Last week an article in the People’s Daily titled “Rich Philanthropists ‘acting in poor taste’” discussed the emergence of several high profile, high wealth Chinese who have stirred up some controversy on the philanthropy scene of late.
Until recently, charitable giving has been a very private matter in China, not one up for public discussion. But since the Sichuan earthquake, things have been changing. Consumers have shown that they expect companies who have earned money from the people to pay up when natural disasters strike. And when they have failed to be generous, consumers have protested loud enough for these companies to open wide their wallets. On the flip side, too much publicity, particularly from individual philanthropists, can also draw the ire of the public who question their motives.

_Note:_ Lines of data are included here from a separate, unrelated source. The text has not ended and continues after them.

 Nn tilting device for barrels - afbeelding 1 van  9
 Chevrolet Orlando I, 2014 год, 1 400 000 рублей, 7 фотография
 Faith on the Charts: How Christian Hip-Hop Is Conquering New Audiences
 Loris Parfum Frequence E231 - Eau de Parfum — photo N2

The Outspoken Philanthropist
The People’s Daily article was prompted, no doubt, by Chen Guangbiao’s recent headlines. Chen, who owns a recycling company in Jiangsu Province, first handed out money to people in Taiwan during Chinese New Year. He followed it up with an announcement that he and his family were changing their given names to new ones invoking environmental friendliness, and after the Japan earthquake, Chen rushed to affected areas to offer his services. Clearly staged photos of Chen rescuing a woman from a damaged building have (unsurprisingly) called into question Chen’s motives.
Xu Yongguang of the Narada Foundation “labeled Chen’s actions ‘violent charity’ – sacrificing the dignity of recipients to meet his own needs.” Others say he is setting a good example and still others say his direct giving brand of philanthropy does not really address problems of poverty.
Chen defended himself saying, "I'm being high-profile not to promote myself. I've been high-profile since I was little. If I did not talk about the good deeds I've done, I would feel pent up."
The Detailed Philanthropist
Cao Dewang, the “glass king”, and his son Cao Hui have taken a much more structured approach to giving away their money. Instead of handing it out, last year they donated 200 million RMB to people affected by droughts in Southwest China through the China Foundation for Poverty Alleviation.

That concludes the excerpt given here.